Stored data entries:
────
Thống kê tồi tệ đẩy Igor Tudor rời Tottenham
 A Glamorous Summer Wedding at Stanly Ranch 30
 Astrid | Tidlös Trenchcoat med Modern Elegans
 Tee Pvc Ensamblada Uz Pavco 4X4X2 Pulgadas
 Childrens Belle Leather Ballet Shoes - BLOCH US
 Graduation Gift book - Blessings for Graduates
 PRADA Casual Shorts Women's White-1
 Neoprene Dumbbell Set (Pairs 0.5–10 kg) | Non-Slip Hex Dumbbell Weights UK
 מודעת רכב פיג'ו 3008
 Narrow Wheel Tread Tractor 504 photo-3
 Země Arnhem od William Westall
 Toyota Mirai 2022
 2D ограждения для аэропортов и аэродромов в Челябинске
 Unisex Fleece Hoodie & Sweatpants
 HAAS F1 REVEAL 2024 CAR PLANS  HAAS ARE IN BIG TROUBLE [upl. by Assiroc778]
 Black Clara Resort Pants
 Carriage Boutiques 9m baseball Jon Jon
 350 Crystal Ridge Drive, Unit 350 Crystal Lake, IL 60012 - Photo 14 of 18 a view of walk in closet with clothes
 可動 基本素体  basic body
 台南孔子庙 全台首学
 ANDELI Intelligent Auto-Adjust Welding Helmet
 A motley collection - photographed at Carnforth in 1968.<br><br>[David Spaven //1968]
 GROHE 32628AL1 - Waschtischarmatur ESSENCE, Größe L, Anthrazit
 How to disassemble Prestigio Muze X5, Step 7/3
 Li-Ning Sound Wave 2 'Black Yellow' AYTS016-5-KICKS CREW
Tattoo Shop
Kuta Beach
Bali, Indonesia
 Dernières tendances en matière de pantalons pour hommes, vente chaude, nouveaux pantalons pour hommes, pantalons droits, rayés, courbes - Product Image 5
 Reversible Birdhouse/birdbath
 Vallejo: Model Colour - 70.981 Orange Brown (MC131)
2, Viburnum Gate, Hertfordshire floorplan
────
▶ _EXERCISE REQUIREMENTS_
Report each line of the records that holds the word "Black".

▶ _RESULT OF THIS TASK_
 Black Clara Resort Pants
 Li-Ning Sound Wave 2 'Black Yellow' AYTS016-5-KICKS CREW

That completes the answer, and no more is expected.